Variados são os recursos que o homem possui para progredir
no conhecimento da verdade, tornando assim cada vez mais
humana a sua existência. De entre eles sobressai a filosofia,
cujo contributo específico é colocar a questão do sentido da
vida e esboçar a resposta: constitui, pois, uma das tarefas
mais nobres da humanidade. O termo filosofia significa,
segundo a etimologia grega, « amor à sabedoria ».

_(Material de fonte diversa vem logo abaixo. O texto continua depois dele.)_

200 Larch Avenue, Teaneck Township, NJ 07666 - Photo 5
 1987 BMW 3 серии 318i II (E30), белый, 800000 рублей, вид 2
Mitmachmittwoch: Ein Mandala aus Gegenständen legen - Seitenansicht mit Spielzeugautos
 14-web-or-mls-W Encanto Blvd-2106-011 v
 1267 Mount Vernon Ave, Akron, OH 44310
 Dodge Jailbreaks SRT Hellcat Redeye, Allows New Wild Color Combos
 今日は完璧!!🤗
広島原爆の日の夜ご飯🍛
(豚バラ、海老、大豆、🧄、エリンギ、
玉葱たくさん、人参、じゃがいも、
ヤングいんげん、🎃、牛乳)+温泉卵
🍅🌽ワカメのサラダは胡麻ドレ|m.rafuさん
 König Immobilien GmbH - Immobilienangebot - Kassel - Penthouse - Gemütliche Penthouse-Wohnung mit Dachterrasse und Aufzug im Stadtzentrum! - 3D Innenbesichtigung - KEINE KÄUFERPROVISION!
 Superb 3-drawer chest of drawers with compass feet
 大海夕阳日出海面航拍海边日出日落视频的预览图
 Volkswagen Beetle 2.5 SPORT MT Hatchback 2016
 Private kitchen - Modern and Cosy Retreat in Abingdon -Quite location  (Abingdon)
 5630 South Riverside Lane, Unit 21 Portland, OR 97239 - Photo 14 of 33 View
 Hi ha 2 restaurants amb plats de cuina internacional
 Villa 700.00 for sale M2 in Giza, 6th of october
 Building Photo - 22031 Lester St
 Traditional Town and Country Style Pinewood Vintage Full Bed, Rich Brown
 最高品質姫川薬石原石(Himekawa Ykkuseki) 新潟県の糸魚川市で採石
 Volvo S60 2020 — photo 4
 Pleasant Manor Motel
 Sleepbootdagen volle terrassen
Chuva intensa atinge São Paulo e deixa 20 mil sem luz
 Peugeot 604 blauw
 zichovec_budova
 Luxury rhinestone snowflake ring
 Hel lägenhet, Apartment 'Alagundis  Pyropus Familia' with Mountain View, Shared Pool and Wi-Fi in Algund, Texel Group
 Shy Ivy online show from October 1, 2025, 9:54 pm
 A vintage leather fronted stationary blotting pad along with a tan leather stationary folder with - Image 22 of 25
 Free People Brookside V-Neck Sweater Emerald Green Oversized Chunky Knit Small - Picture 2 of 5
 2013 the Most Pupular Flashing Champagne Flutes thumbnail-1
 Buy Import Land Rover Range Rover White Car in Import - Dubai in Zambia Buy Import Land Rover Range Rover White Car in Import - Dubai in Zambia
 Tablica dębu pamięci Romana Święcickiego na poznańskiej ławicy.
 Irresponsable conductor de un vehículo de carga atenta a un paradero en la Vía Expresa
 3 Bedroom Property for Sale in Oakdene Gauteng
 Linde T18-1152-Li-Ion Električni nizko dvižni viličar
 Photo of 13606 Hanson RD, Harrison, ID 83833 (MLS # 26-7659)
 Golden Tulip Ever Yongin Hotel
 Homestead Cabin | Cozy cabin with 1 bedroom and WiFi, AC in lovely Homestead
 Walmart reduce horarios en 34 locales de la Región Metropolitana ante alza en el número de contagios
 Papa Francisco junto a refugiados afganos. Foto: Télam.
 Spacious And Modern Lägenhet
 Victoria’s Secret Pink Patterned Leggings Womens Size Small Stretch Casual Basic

Efectivamente a filosofia nasceu e começou a desenvolver-se
quando o homem principiou a interrogar-se sobre o porquê das
coisas e o seu fim. Ela demonstra, de diferentes modos e
formas, que o desejo da verdade pertence à própria natureza
do homem. Interrogar-se sobre o porquê das coisas é uma
propriedade natural da sua razão, embora as respostas, que
esta aos poucos vai dando, se integrem num horizonte que
evidencia a complementaridade das diferentes culturas onde o
homem vive.
A
grande incidência que a filosofia teve na formação e
desenvolvimento das culturas do Ocidente não deve fazer-nos
esquecer a influência que a mesma exerceu também nos modos
de conceber a existência presentes no Oriente. Na realidade,
cada povo possui a sua própria sabedoria natural, que tende,
como autêntica riqueza das culturas, a exprimir-se e a
maturar em formas propriamente filosóficas. Prova da verdade
de tudo isto é a existência duma forma basilar de
conhecimento filosófico, que perdura até aos nossos dias e
que se pode constatar nos próprios postulados em que as
várias legislações nacionais e internacionais se inspiram
para regular a vida social.
4.
Deve-se assinalar, porém, que, por detrás dum único termo,
se escondem significados diferentes. Por isso, é necessária
uma explicitação preliminar. Impelido pelo desejo de
descobrir a verdade última da existência, o homem procura
adquirir aqueles conhecimentos universais que lhe permitam
uma melhor compreensão de si mesmo e progredir na sua
realização. Os conhecimentos fundamentais nascem da maravilha que
nele suscita a contemplação da criação: o ser humano
enche-se de encanto ao descobrir-se incluído no mundo e
relacionado com outros seres semelhantes, com quem partilha
o destino. Parte daqui o caminho que o levará, depois, à
descoberta de horizontes de conhecimentos sempre novos. Sem
tal assombro, o homem tornar-se-ia repetitivo e, pouco a
pouco, incapaz de uma existência verdadeiramente pessoal.
A
capacidade reflexiva própria do intelecto humano permite
elaborar, através da actividade filosófica, uma forma de
pensamento rigoroso, e assim construir, com coerência lógica
entre as afirmações e coesão orgânica dos conteúdos, um
conhecimento sistemático. Graças a tal processo,
alcançaram-se, em contextos culturais diversos e em
diferentes épocas históricas, resultados que levaram à
elaboração de verdadeiros sistemas de pensamento.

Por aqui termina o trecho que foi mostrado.